Recorded information -

Start of Block

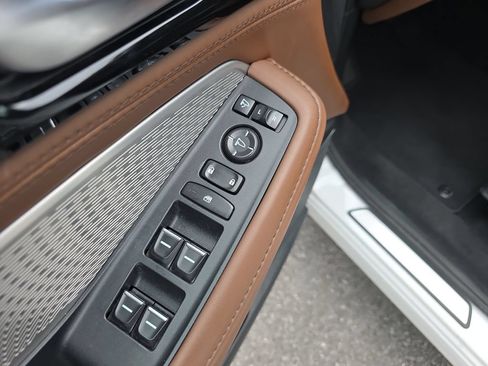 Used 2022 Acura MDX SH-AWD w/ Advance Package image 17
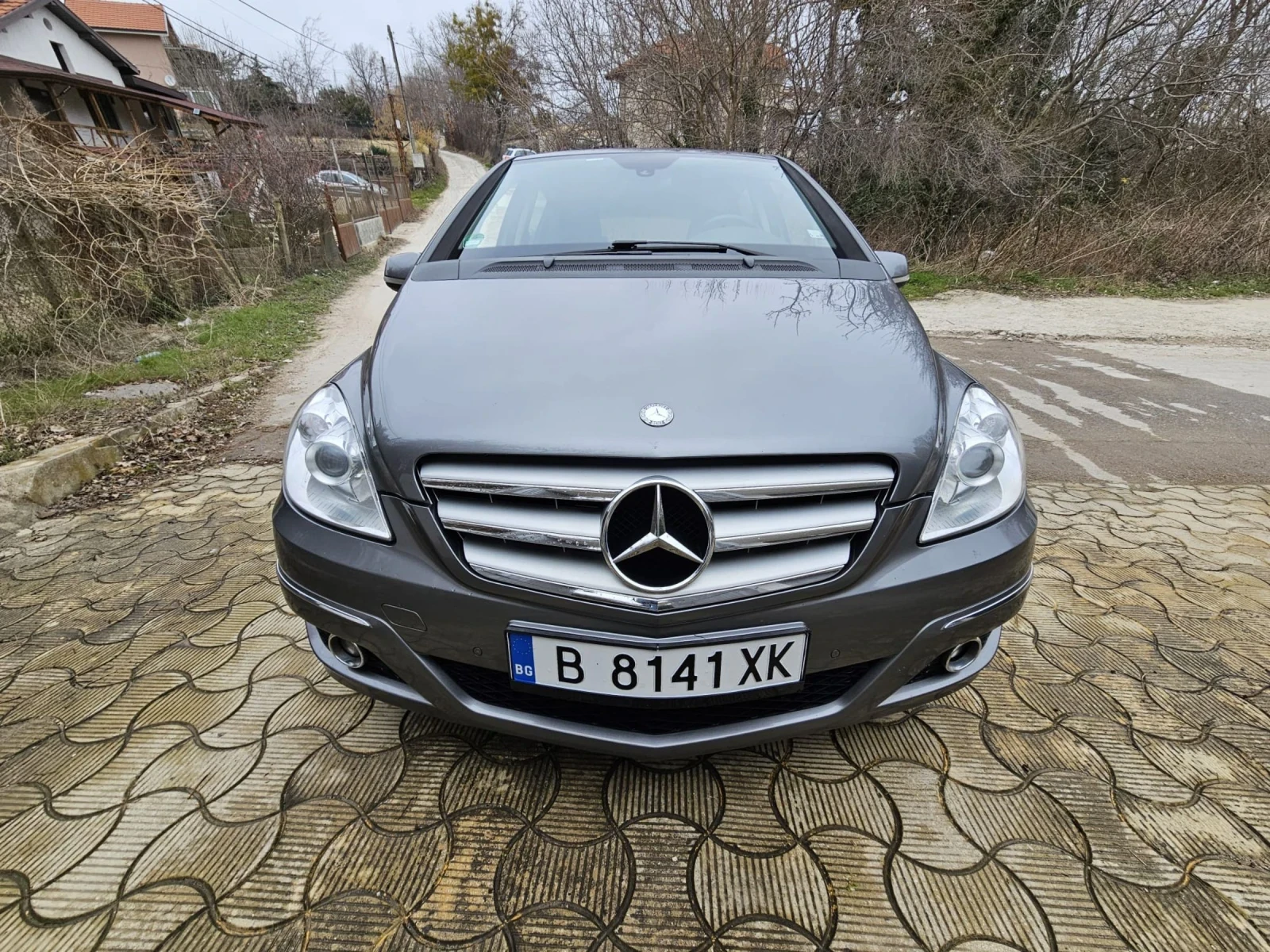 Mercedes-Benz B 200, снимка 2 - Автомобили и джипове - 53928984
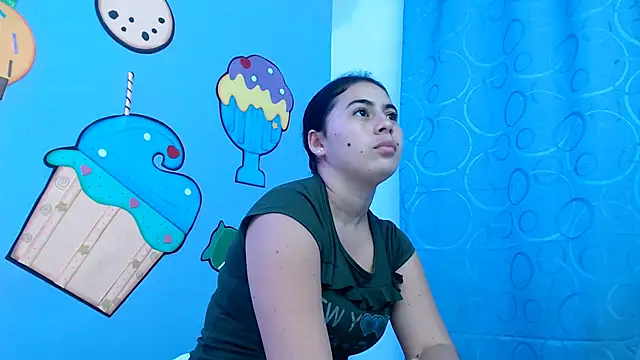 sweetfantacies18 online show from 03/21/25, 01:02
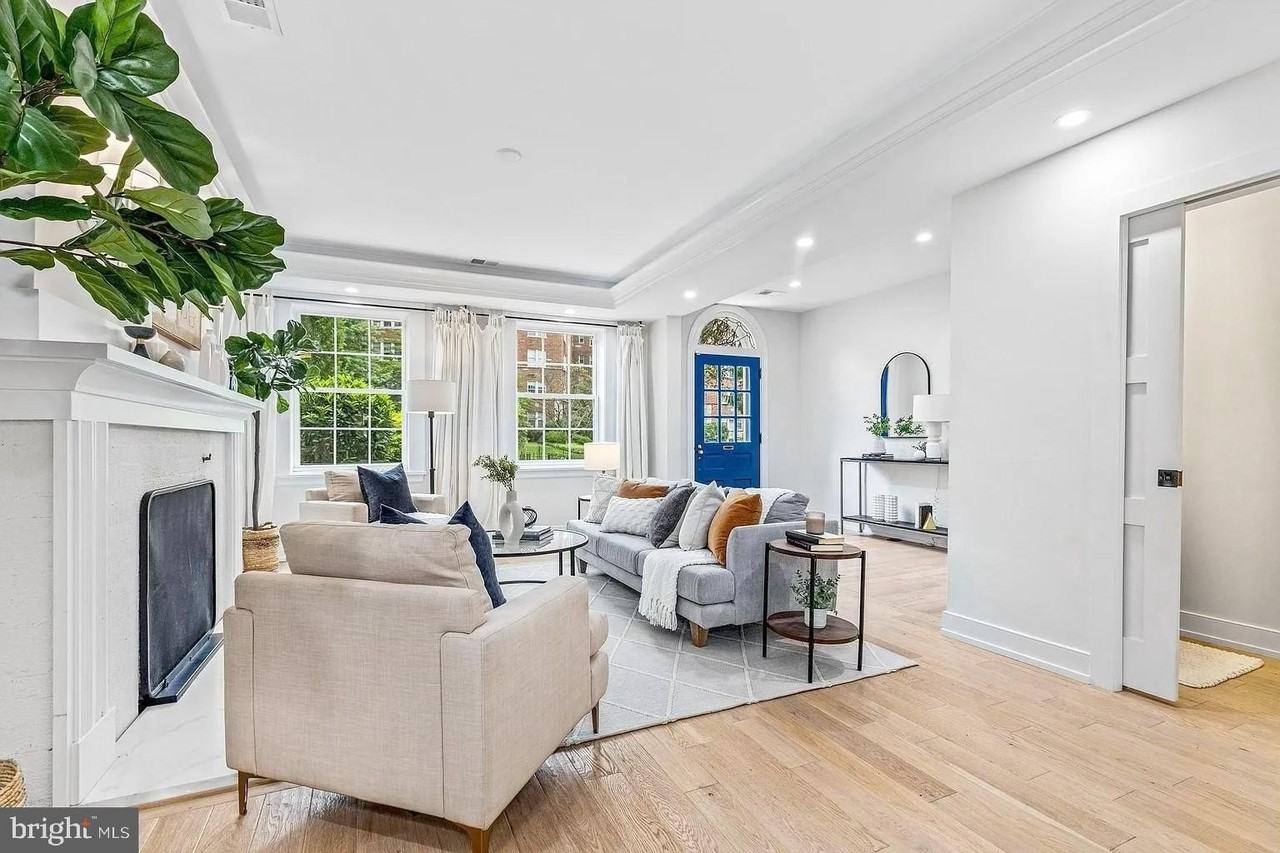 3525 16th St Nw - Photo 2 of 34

End of Block

Apart from the pictures, all of the data should be repeated exactly.

Task answer -
 Used 2022 Acura MDX SH-AWD w/ Advance Package image 17
 Mercedes-Benz B 200, снимка 2 - Автомобили и джипове - 53928984
 sweetfantacies18 online show from 03/21/25, 01:02
 3525 16th St Nw - Photo 2 of 34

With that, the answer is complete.